7 min read
Databricks Notebooks - Collaborative Data Science and Engineering
Databricks notebooks provide an interactive environment for data science and engineering, combining code execution with rich visualizations and collaboration features. Today, I want to share how to leverage Databricks notebooks effectively for both development and production workloads.
Understanding Databricks Notebooks
Notebooks support multiple languages in a single document:
- Python - PySpark and pandas
- Scala - Native Spark
- SQL - Spark SQL
- R - SparkR and local R
- Markdown - Documentation
Getting Started
Creating a Notebook
# Default Python cell
from pyspark.sql import functions as F
# Read data
df = spark.read.parquet("/mnt/data/sales")
display(df)
Magic Commands
# %sql - Run SQL
# %sql SELECT * FROM sales LIMIT 10
# %scala - Run Scala
# %scala val df = spark.read.parquet("/mnt/data/sales")
# %r - Run R
# %r library(SparkR); df <- read.df("/mnt/data/sales", source="parquet")
# %md - Markdown documentation
# %md ## Section Title
# This is documentation for the notebook.
# %run - Execute another notebook
# %run ./utils/common_functions
# %fs - File system operations
# %fs ls /mnt/data/
# %sh - Shell commands
# %sh pip install numpy
Notebook Organization
Structure for Data Projects
# %md
# # Sales Analysis Pipeline
#
# **Author**: Data Team
# **Last Updated**: 2021-04-20
#
# ## Overview
# This notebook processes daily sales data and generates aggregated metrics.
#
# ## Contents
# 1. Configuration
# 2. Data Loading
# 3. Transformations
# 4. Analysis
# 5. Output
Configuration Cell
# Cell 1: Configuration
# %md ### 1. Configuration
# Parameters (can be overridden by widgets or job parameters)

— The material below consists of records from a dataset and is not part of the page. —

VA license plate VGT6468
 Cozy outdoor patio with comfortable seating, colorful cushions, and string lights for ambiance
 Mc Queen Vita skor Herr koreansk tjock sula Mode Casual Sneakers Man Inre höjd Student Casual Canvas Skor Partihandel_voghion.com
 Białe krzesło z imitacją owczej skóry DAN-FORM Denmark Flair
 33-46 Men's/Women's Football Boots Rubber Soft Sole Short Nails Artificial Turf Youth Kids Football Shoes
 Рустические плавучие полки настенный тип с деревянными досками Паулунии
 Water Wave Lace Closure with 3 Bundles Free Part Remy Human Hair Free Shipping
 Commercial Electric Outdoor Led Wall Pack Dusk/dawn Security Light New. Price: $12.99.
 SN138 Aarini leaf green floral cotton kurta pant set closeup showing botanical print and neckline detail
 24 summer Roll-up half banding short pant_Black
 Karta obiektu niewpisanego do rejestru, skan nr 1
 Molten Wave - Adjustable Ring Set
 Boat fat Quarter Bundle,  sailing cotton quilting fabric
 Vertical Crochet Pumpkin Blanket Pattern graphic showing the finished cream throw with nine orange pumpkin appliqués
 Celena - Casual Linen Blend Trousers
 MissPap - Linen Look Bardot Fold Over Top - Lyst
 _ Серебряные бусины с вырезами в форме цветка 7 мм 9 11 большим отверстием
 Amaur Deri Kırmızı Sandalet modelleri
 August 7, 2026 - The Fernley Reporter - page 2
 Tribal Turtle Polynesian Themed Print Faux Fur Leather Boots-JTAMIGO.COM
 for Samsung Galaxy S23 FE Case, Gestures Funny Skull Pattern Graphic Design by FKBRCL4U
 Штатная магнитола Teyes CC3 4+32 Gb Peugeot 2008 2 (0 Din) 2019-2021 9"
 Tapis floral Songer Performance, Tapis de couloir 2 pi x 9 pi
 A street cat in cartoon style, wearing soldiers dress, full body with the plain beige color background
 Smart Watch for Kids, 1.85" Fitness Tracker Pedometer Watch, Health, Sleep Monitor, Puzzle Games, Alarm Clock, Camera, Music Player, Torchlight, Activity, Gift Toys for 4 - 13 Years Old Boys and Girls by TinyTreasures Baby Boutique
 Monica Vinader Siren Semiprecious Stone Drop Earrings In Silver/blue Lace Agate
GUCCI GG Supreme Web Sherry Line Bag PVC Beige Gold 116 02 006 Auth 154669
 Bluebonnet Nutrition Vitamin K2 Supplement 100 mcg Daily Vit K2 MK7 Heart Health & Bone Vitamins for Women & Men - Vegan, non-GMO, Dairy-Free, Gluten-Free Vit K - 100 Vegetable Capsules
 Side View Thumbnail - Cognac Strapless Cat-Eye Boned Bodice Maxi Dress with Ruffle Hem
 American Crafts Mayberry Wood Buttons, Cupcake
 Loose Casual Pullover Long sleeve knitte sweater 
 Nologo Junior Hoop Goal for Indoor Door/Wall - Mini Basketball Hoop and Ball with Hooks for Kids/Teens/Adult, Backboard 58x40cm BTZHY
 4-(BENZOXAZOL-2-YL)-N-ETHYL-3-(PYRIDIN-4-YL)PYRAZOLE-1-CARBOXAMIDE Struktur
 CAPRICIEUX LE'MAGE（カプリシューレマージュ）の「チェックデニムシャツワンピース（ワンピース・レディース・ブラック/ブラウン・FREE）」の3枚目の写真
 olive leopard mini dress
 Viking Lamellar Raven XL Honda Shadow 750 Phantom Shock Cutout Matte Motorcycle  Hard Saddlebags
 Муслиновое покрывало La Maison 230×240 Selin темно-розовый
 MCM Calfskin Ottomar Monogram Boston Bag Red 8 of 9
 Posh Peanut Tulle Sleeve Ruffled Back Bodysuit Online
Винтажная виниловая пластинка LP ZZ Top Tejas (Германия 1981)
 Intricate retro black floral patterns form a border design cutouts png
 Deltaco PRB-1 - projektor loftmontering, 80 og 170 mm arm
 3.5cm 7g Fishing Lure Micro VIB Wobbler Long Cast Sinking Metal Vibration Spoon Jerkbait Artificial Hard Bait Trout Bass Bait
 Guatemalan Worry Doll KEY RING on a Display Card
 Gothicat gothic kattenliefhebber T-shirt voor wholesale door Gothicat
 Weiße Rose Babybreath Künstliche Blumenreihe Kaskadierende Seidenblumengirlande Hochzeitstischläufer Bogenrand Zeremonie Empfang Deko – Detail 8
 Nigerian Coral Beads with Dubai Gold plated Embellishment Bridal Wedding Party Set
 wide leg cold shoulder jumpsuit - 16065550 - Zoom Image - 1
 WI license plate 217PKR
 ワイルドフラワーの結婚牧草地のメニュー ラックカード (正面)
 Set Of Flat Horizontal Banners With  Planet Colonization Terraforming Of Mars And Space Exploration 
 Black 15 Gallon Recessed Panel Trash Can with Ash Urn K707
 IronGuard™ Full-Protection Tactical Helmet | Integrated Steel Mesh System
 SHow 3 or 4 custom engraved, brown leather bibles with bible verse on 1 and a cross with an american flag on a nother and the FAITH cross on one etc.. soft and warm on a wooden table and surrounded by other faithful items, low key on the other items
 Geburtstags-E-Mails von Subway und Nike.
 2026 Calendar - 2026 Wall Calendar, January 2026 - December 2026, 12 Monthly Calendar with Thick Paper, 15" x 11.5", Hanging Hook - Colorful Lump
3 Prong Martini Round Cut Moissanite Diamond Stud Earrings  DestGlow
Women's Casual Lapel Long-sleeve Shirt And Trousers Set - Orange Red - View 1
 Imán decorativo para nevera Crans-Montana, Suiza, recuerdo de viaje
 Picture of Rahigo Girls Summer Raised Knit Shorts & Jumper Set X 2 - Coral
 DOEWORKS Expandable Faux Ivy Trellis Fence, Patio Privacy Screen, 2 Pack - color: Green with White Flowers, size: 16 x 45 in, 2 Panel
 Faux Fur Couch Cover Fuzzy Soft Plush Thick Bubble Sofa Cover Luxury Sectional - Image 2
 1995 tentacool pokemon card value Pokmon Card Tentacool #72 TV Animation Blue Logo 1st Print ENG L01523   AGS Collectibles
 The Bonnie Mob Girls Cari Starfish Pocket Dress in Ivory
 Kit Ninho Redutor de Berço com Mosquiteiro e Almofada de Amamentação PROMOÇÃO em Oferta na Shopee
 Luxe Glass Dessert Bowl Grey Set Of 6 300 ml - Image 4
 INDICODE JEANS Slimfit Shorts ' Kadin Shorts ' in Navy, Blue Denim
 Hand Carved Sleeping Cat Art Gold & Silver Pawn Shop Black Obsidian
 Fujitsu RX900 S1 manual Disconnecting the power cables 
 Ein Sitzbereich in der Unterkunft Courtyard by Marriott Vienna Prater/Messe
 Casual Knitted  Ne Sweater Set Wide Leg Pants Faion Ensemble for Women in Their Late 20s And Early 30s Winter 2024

dbutils.widgets.text("date", "2021-04-20", "Process Date")
dbutils.widgets.dropdown("environment", "dev", ["dev", "staging", "prod"], "Environment")
process_date = dbutils.widgets.get("date")
environment = dbutils.widgets.get("environment")
# Paths
config = {
"dev": {
"input_path": "/mnt/dev/raw/sales",
"output_path": "/mnt/dev/curated/sales",
"database": "dev_analytics"
},
"staging": {
"input_path": "/mnt/staging/raw/sales",
"output_path": "/mnt/staging/curated/sales",
"database": "staging_analytics"
},
"prod": {
"input_path": "/mnt/prod/raw/sales",
"output_path": "/mnt/prod/curated/sales",
"database": "prod_analytics"
}
}
paths = config[environment]
print(f"Processing for date: {process_date}")
print(f"Environment: {environment}")
print(f"Input: {paths['input_path']}")
Modular Functions
# Cell 2: Helper Functions
# %md ### 2. Helper Functions
def validate_schema(df, expected_columns):
"""Validate DataFrame has expected columns."""
missing = set(expected_columns) - set(df.columns)
if missing:
raise ValueError(f"Missing columns: {missing}")
return df
def add_metadata(df, process_date, source_system):
"""Add metadata columns to DataFrame."""
return df \
.withColumn("_process_date", F.lit(process_date)) \
.withColumn("_source_system", F.lit(source_system)) \
.withColumn("_load_timestamp", F.current_timestamp())
def calculate_metrics(df):
"""Calculate standard metrics."""
return df.agg(
F.count("*").alias("row_count"),
F.sum("amount").alias("total_amount"),
F.avg("amount").alias("avg_amount"),
F.min("date").alias("min_date"),
F.max("date").alias("max_date")
)
Interactive Data Exploration
Built-in Visualizations
# Load sample data
df_sales = spark.read.parquet(f"{paths['input_path']}/date={process_date}")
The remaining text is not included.